# [YOUR INSTRUCTIONS]
The copy you return should hold only the lines from the top of the data below through the line with "世界遺産　富士山　大観山　芦ノ湖　雲海 49796113", each duplicated exactly and with no pictures.

# [DATA FOR ANALYSIS]
----

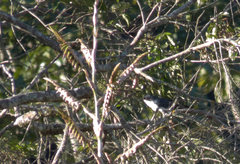 Melanotis hypoleucus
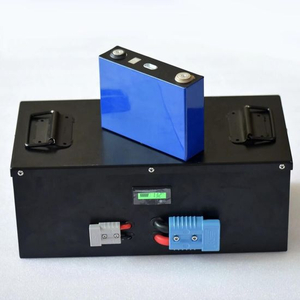 LiFePO4 Battery 12V 200ah for Tourist Car with BMS 100ah
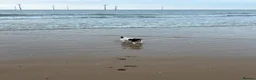 Jack Russell dogs for sale: 10 month old Jack Russell in Stockton-on-Tees - Advert 6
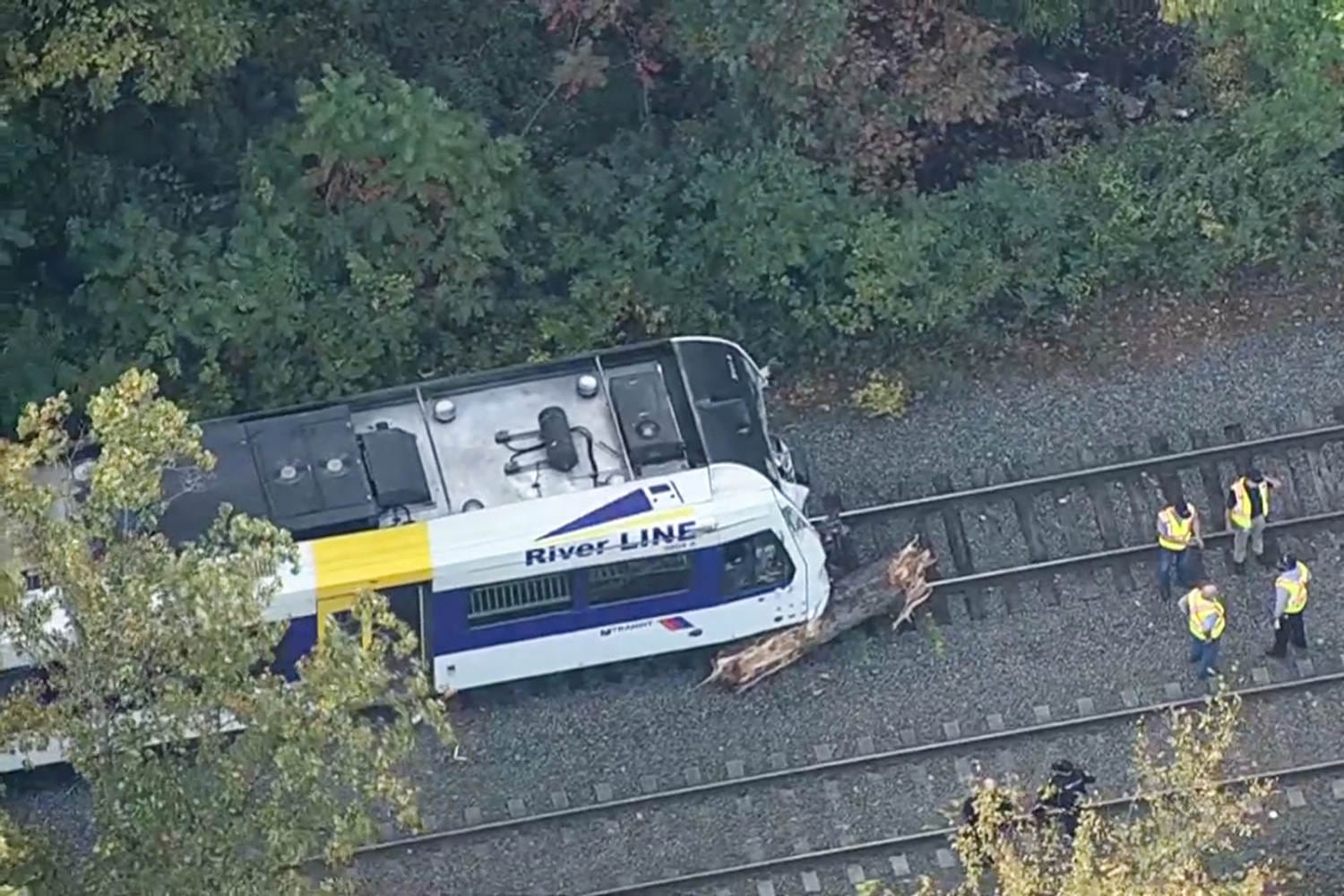 New Jersey Transit operator useless, 23 harm after practice hits tree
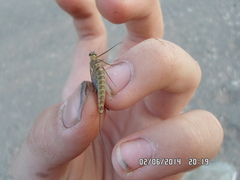 Siphlonurus lacustris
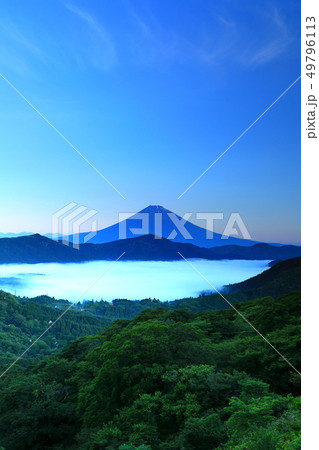 世界遺産　富士山　大観山　芦ノ湖　雲海 49796113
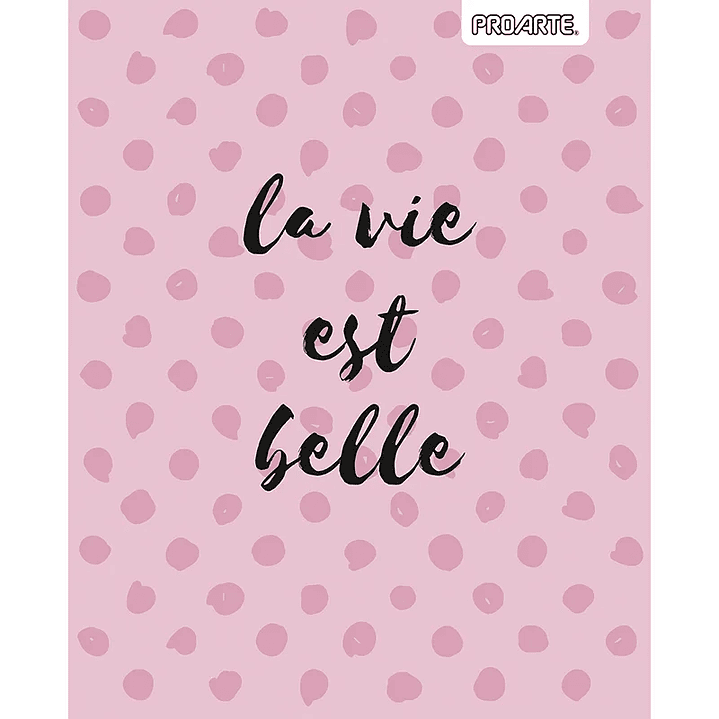 Pack 10 Cuadernos Universitarios PROARTE 100 hjs. Ideas 13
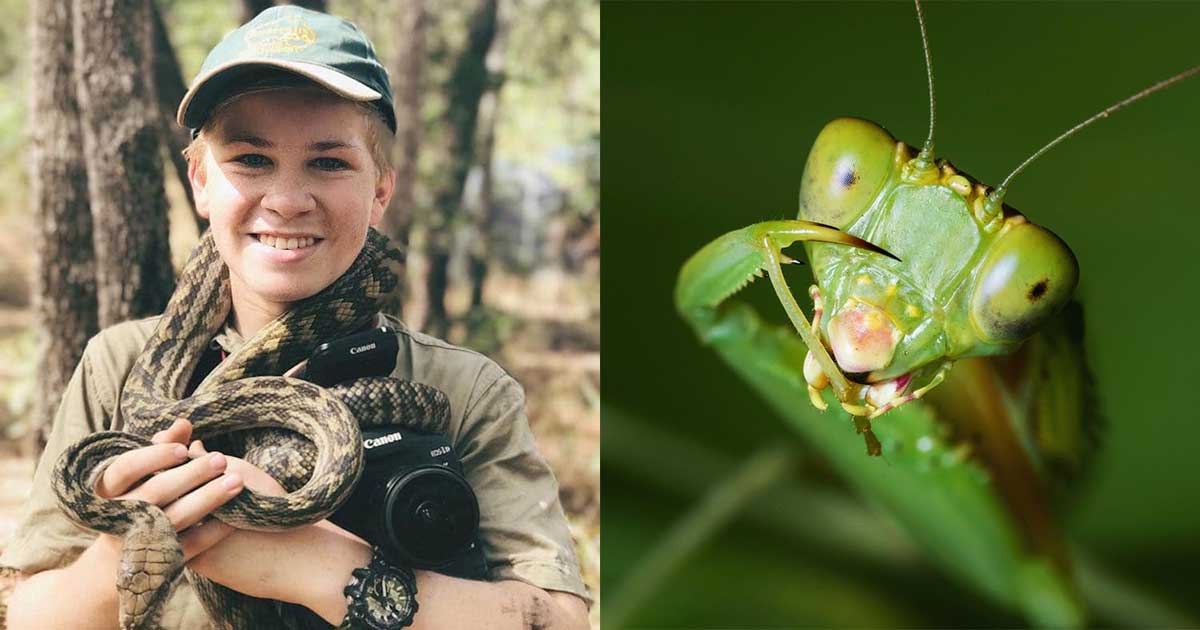 ‘Crocodile Hunter’ Steve Irwin’s Son Takes Stunning Wildlife Photos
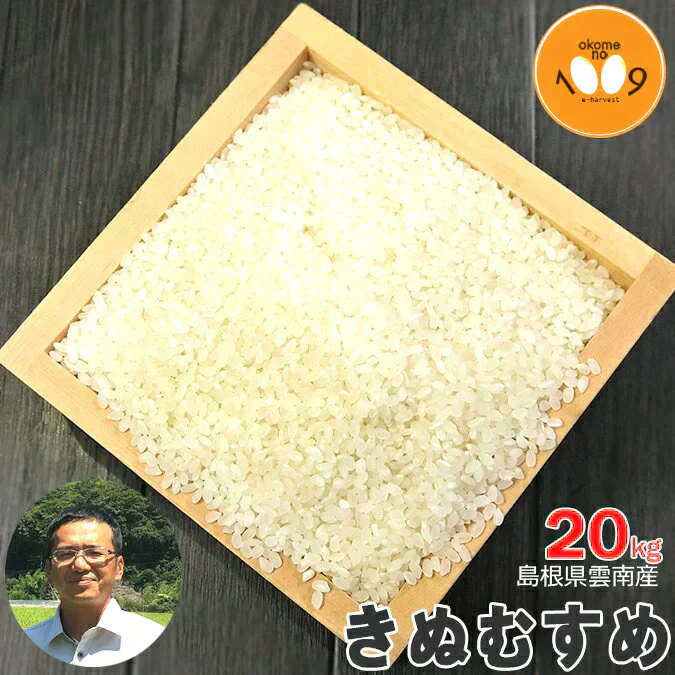 米 島根県雲南産 きぬむすめ 玄米 20kg 令和7年産 石原公夫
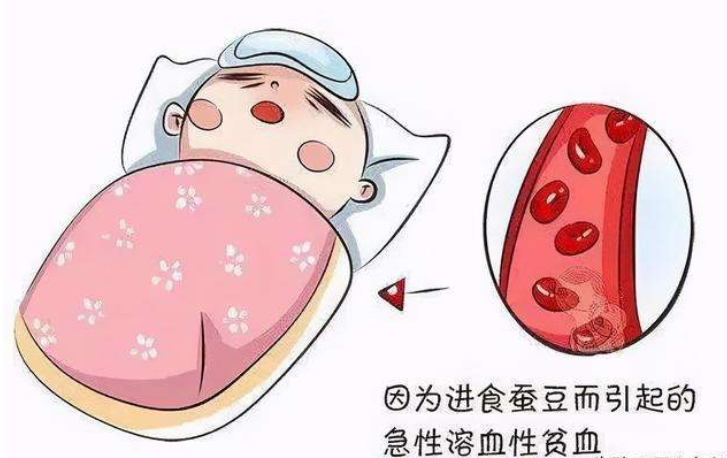 蚕豆病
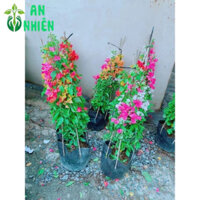 (Hỏa Tốc) Cây Hoa Giấy Leo Tường Tốt(1 bụi)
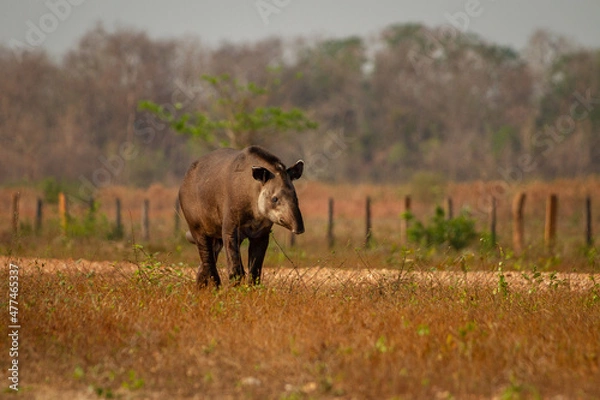 Obraz giant brazilian tapir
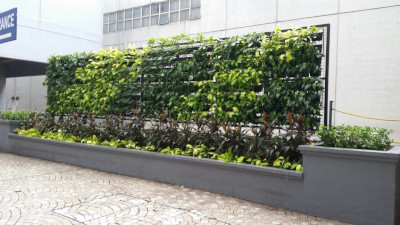 Majalco Building Vertical Garden / Greenwall using VF-2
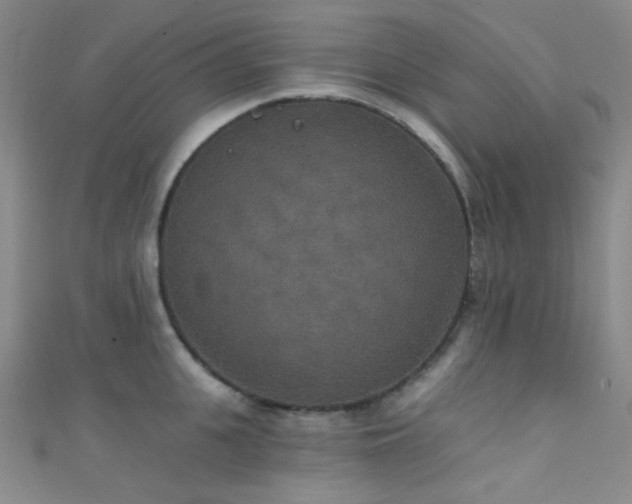 X0000111590951200907161451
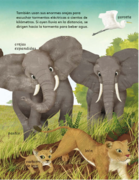  - 10 razones para amar a un elefante_Pg13(1).png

----

# [FINISHED EXERCISE]
 Melanotis hypoleucus
 LiFePO4 Battery 12V 200ah for Tourist Car with BMS 100ah
 Jack Russell dogs for sale: 10 month old Jack Russell in Stockton-on-Tees - Advert 6
 New Jersey Transit operator useless, 23 harm after practice hits tree
 Siphlonurus lacustris
 世界遺産　富士山　大観山　芦ノ湖　雲海 49796113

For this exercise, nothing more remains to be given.